EDITORIAL - Mr Junior Rose and a greyer Jamaica
Mr Junior Rose's prescription for dealing with the problem of joblessness among young people was clearly naive and perhaps juvenile.
Hopefully, however, his remarks will lead to discussion of a related demographic issue that is of growing importance, but on which there is insufficient attention: the matter of ageing and its consequences, economic and otherwise, for Jamaica.
Mr Rose is the chairman of an organisation called the Jamaica Association of Young Professionals, membership to which, we suppose, is restricted to people not past their mid-30s.
This week, Mr Rose advocated that there should be "some sort of affirmative action for youth employment", by which he meant that firms should set aside a proportion of their workforce - at least five per cent - for employees below a certain age. What the benchmark age should be we are not certain.
What, however, is pellucid, is the flaw in Mr Rose's argument. For, as Mr Wayne Chen, the president of the Jamaica Employers' Federation, pointed out, Mr Rose's prescription is really for a redistribution of jobs, much the same way as dogmatic socialists would have redistributed poverty. Or, put another way, the socialists failed to create wealth, which is the failing of Mr Rose's proposal.
Unemployment among young people - a quarter of the people in the 20-24 age group - is high not because older people have the jobs. Rather, the Jamaican economy has for a long time failed to perform. Over the past decade, for instance, annual average growth has been under two per cent, instead of the six per cent or more that is necessary to begin to effectively deal with joblessness.
In any event, it is to misapprehend the unemployment situation to take at face value the jobless rate of perhaps seven per cent among people in the 45-54 age group. That figure, like the estimated 12 per cent national unemployment rate, masks a high level of underemployment and the fact that many people are out of the job market because of frustration over the lack of opportunities.
An ageing population
But Mr Rose missed another fundamental issue in his remarks: that of Jamaica's first tentative steps into the ranks of countries with ageing populations.

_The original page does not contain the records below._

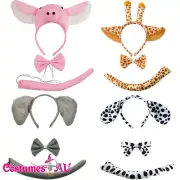 Kids Animal Set Costume Animal Zoo Party Bowtie Tail Child Book Week Headband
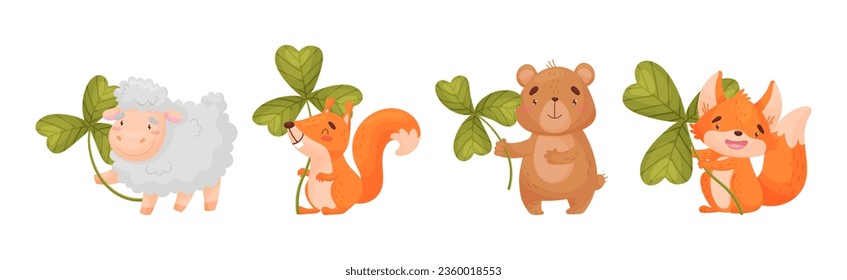 Cute Baby Animals with Three Leaf Clover Vector Set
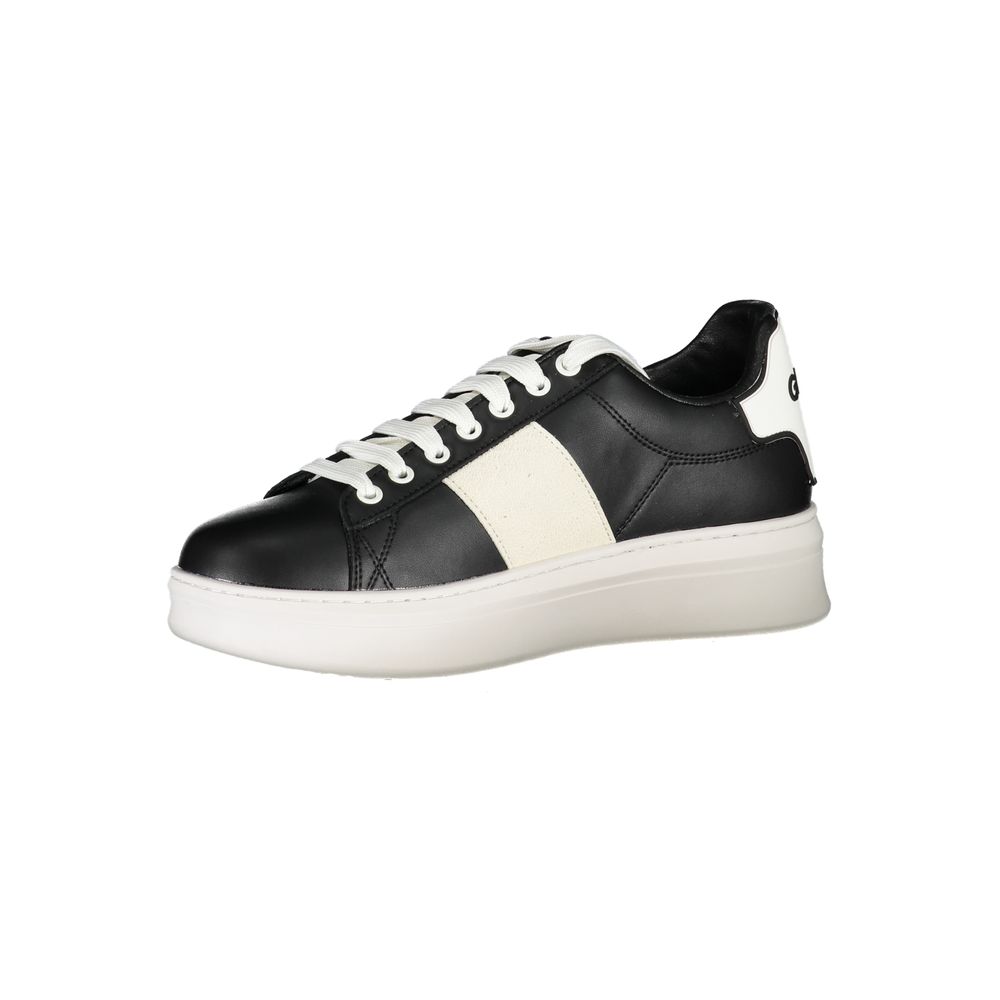 Gaelle Paris Black Polyurethane Men Sneaker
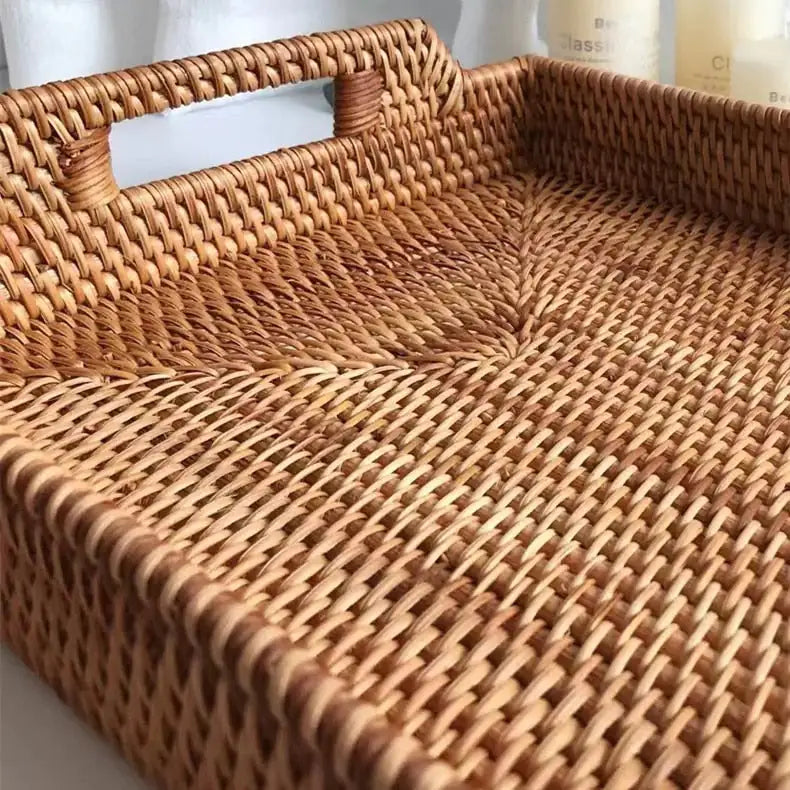 Rattan Rectangular Serving Tray – Handmade Set of 3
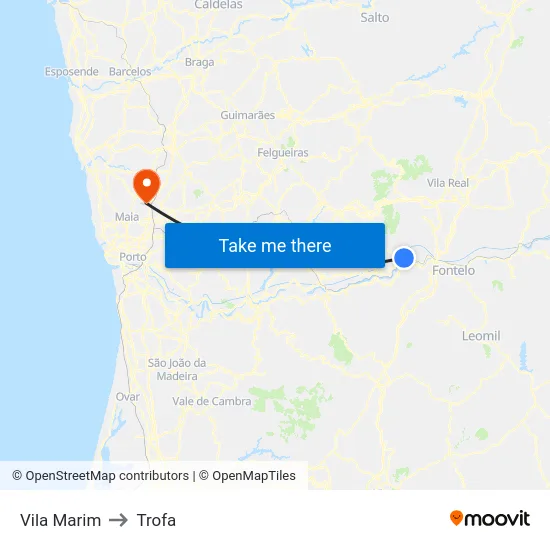 Vila Marim to Trofa map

More than seven per cent of the population is 65 and/or older, and more than twice that amount is 55 or over - an ageing rate that is more than one per cent a year. Moreover, the fertility rate of just two children among women of child-bearing age is nearly 30 per cent below that of three decades ago. At the same time, people are living longer: Jamaica's life expectancy of nearly 74 approaches First-World standards.
Yet, Jamaica lacks a comprehensive pension or social welfare system to look after people at retirement. At the same time, people are more likely, than in the past, to be relatively healthy, and potentially productive, at these mature ages. In those circumstances, they will have to be in jobs to sustain themselves.
There is a real problem of not only youth unemployment, but joblessness, generally. The answer to this can't be to throw older people out of jobs so that the young people can have them. The priority is economic growth.
At the same time, we, Mr Rose included, have to discuss the broader demographic issue of a society growing increasingly grey.